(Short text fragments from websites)
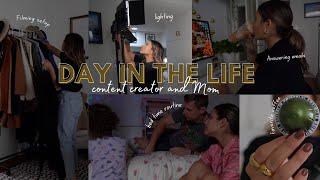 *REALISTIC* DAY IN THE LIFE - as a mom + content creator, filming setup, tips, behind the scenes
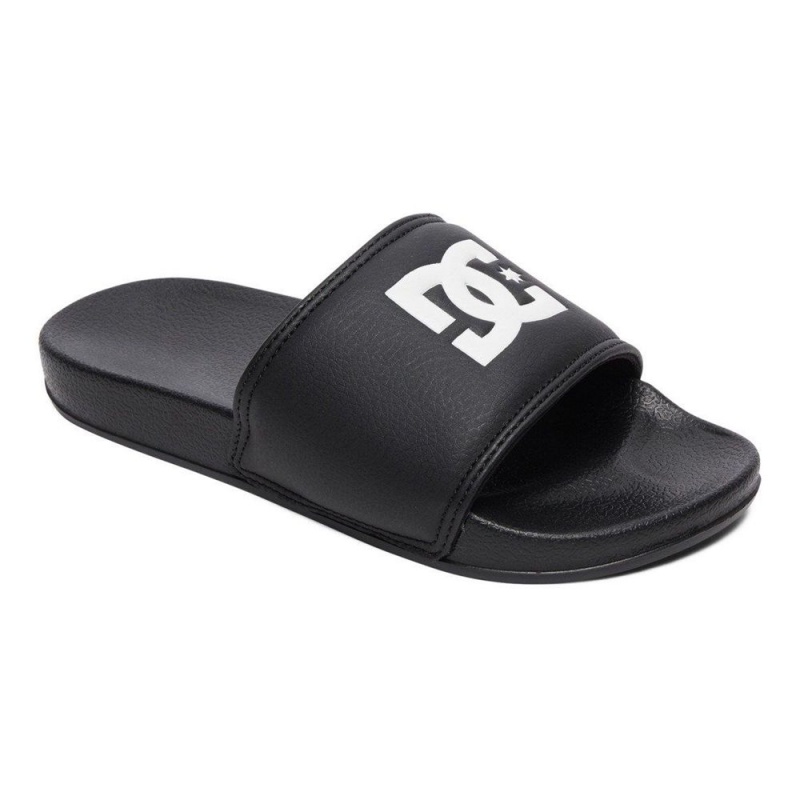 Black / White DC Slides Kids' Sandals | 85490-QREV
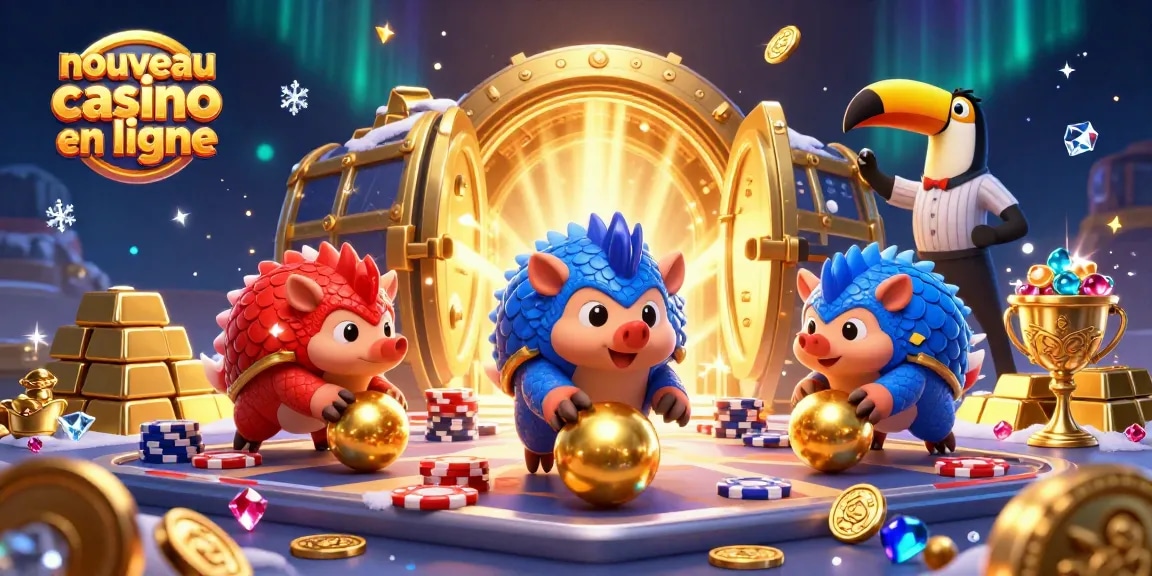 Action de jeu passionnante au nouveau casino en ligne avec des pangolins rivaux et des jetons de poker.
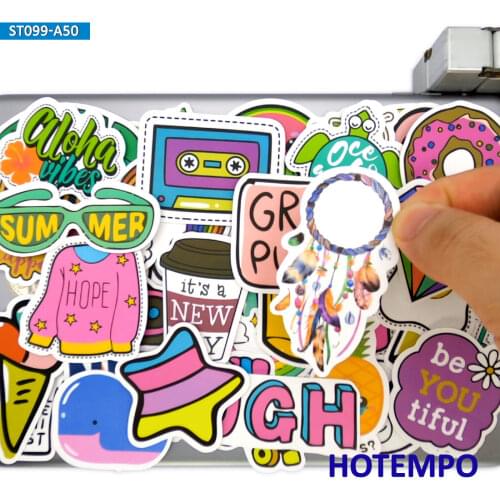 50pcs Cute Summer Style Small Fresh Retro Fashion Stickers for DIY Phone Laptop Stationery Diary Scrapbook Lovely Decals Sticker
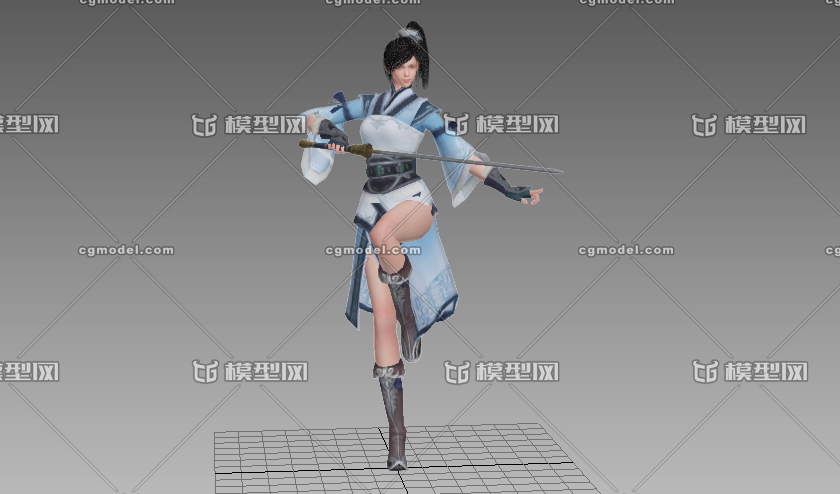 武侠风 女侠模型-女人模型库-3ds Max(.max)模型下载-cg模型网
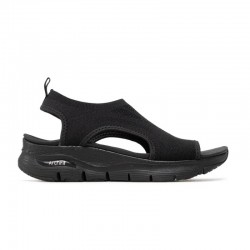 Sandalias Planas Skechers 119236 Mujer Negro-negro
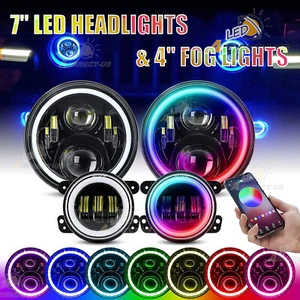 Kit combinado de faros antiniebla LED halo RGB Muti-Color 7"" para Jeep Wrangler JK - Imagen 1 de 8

### Instructions to follow
The line holding "Black / White" starts the copy and the line holding "Action de jeu" ends it. Repeat those two lines above and all between them exactly, leaving out pictures.

### Solution
 Black / White DC Slides Kids' Sandals | 85490-QREV
 Action de jeu passionnante au nouveau casino en ligne avec des pangolins rivaux et des jetons de poker.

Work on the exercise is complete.